**WORK TO BE COMPLETED**. Copy out nothing but the lines from the one holding "Интерьер Lagonda LG6" through the end of the entries below, exactly as written and without the pictures.

Segment Start: SUPPLIED ENTRIES

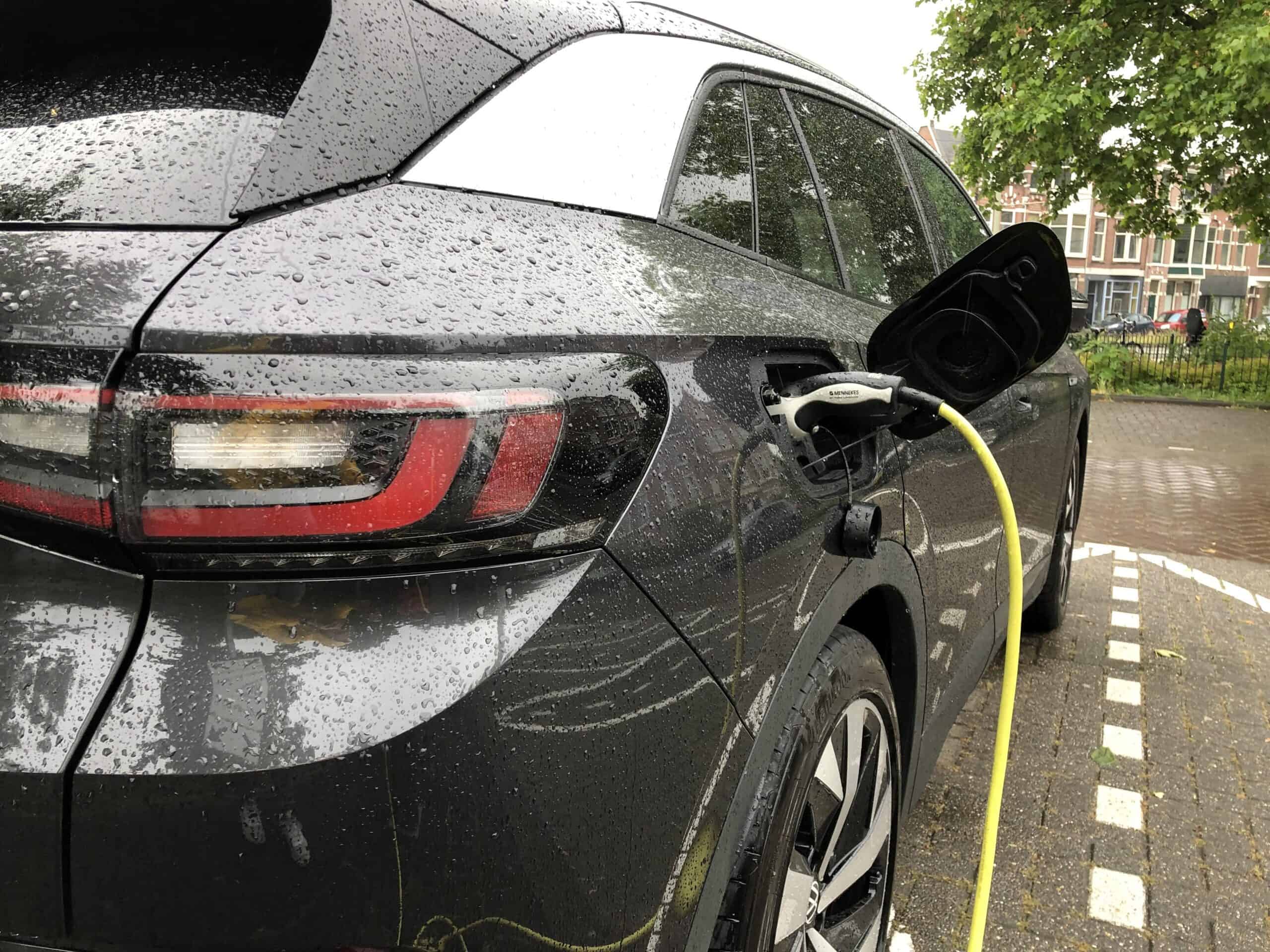 Aufladen eines Elektroautos im Regen - ist das sicher?
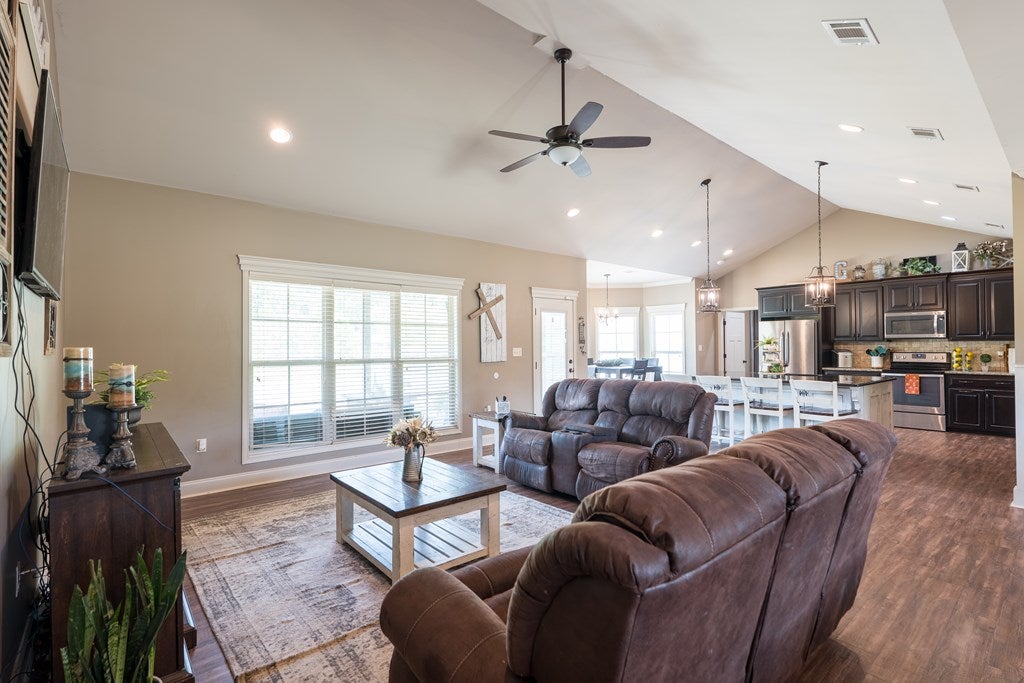 606 Greggs Road Adel, GA 31620 - Photo 8 of 41 Gallery Image 8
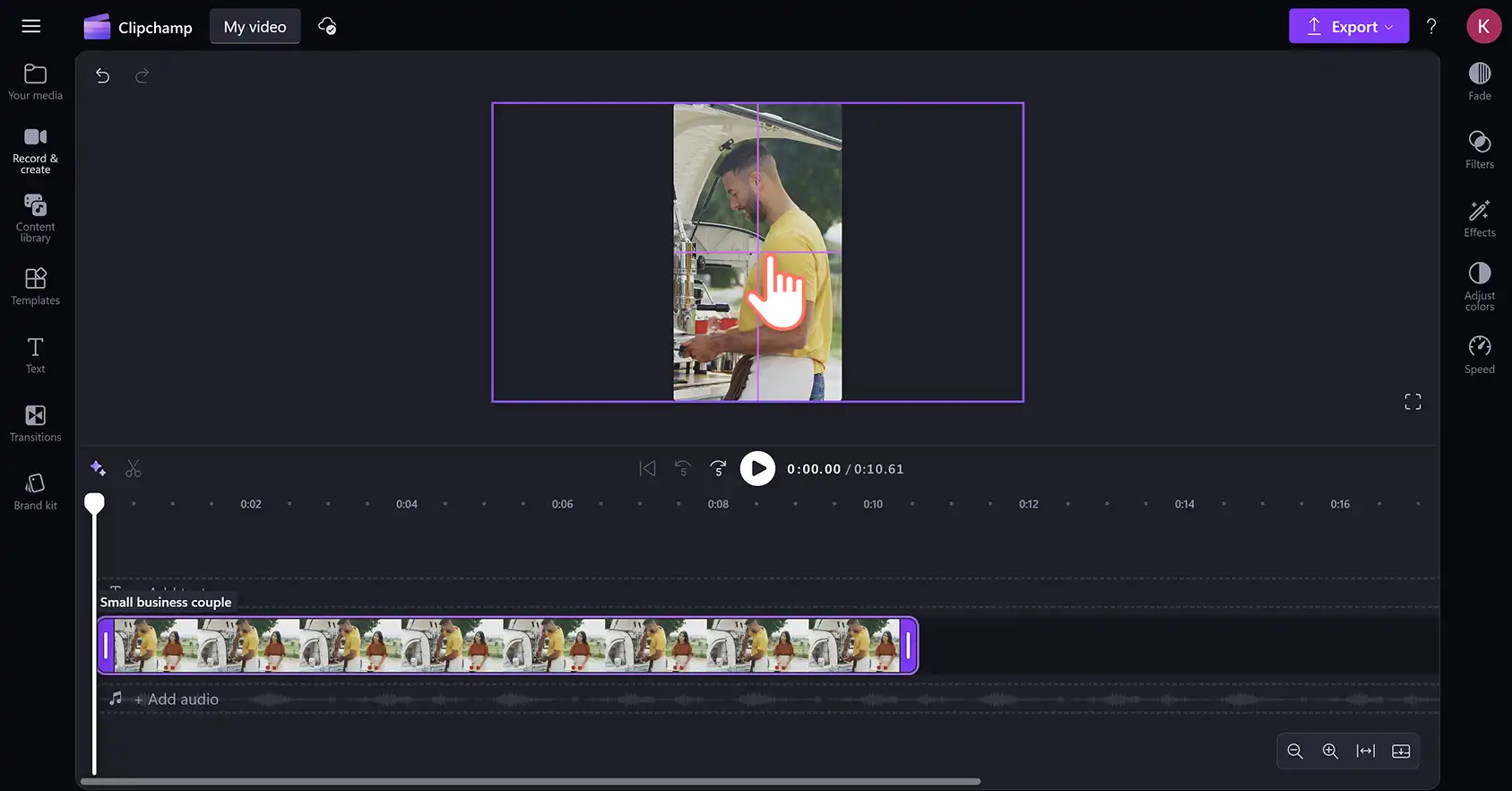 2048-21 Clipchamp video düzenleyicide Instagram için en boy oranını değiştirdikten sonra bir videoyu manuel olarak yeniden çerçeveleyen bir kullanıcı.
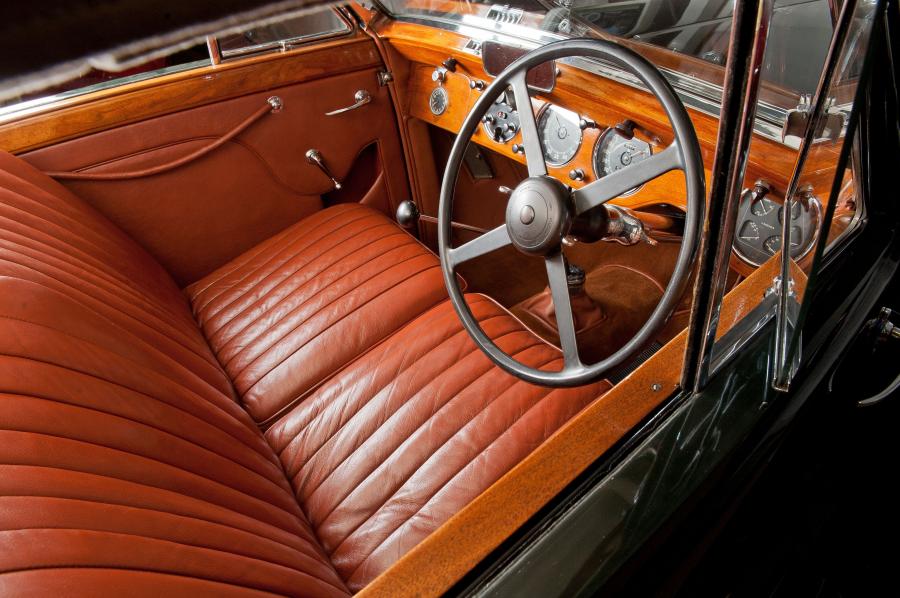 Интерьер Lagonda LG6 Drophead Coupe 1938 года  (фото 19 из 21)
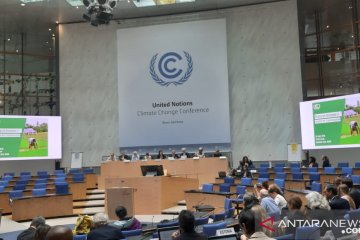 Membalik posisi di ruang negosiasi iklim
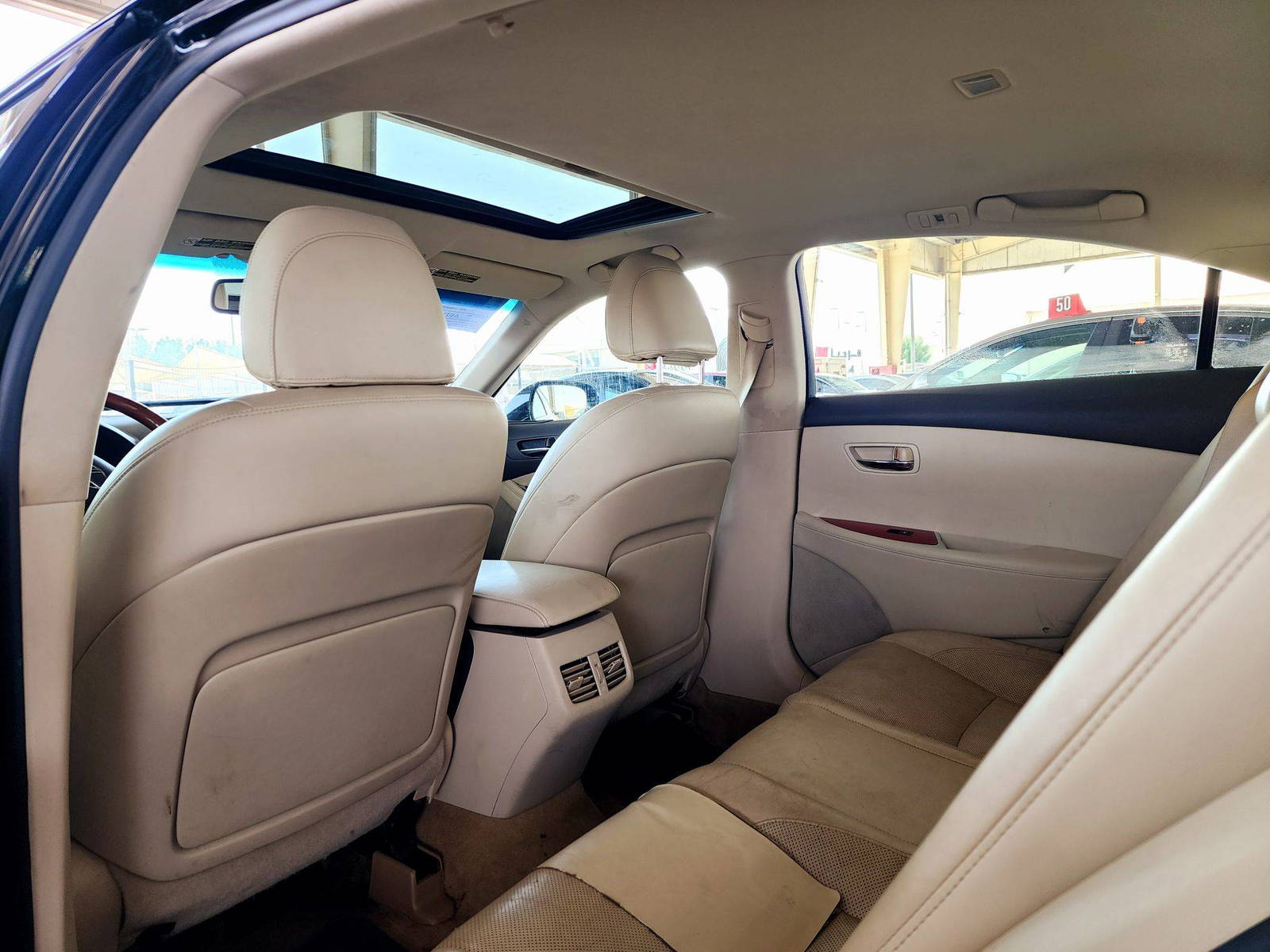 2011 LEXUS ES 350 — 193338 Miles — Lot 2471004 — Souq - Marhaba Auctions Used Cars - Image 6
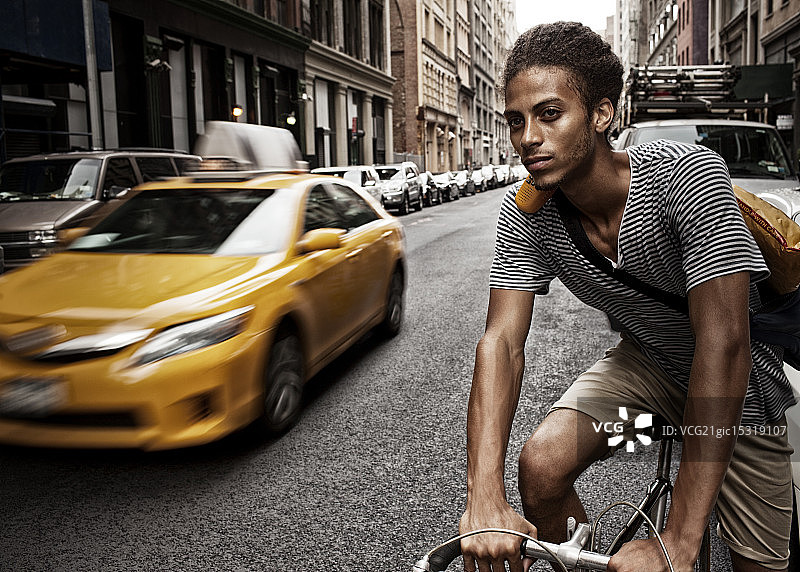 在城市街道上骑自行车的人图片素材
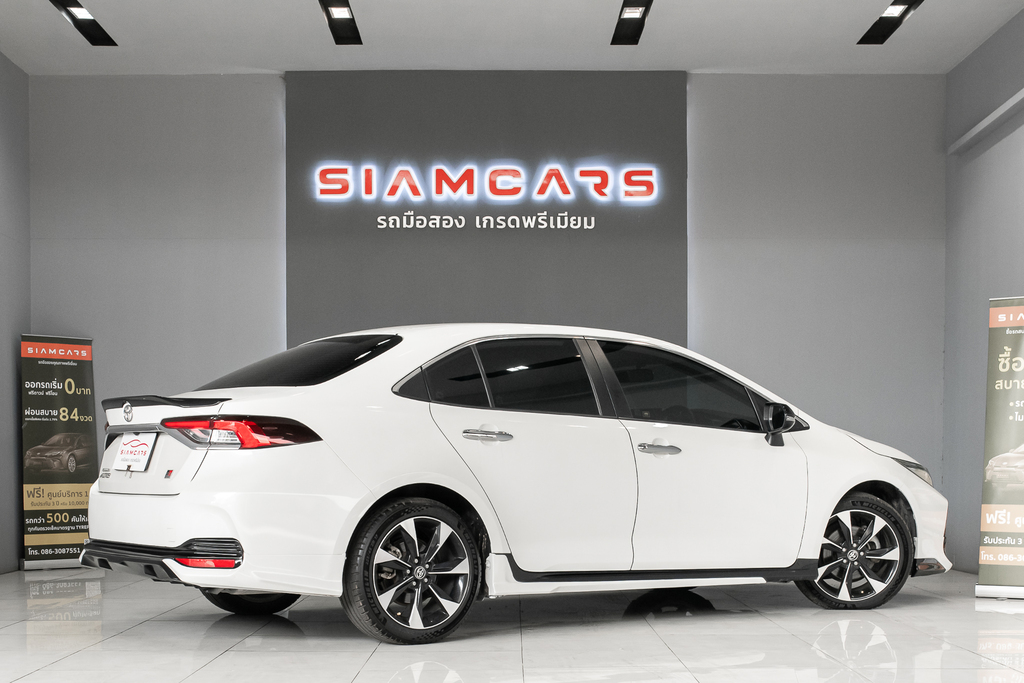 Toyota Corolla Altis 1.8 GR Sport AT ปี 2020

Segment End: SUPPLIED ENTRIES

**COMPLETED EXERCISE**.
 Интерьер Lagonda LG6 Drophead Coupe 1938 года  (фото 19 из 21)
 Membalik posisi di ruang negosiasi iklim
 2011 LEXUS ES 350 — 193338 Miles — Lot 2471004 — Souq - Marhaba Auctions Used Cars - Image 6
 在城市街道上骑自行车的人图片素材
 Toyota Corolla Altis 1.8 GR Sport AT ปี 2020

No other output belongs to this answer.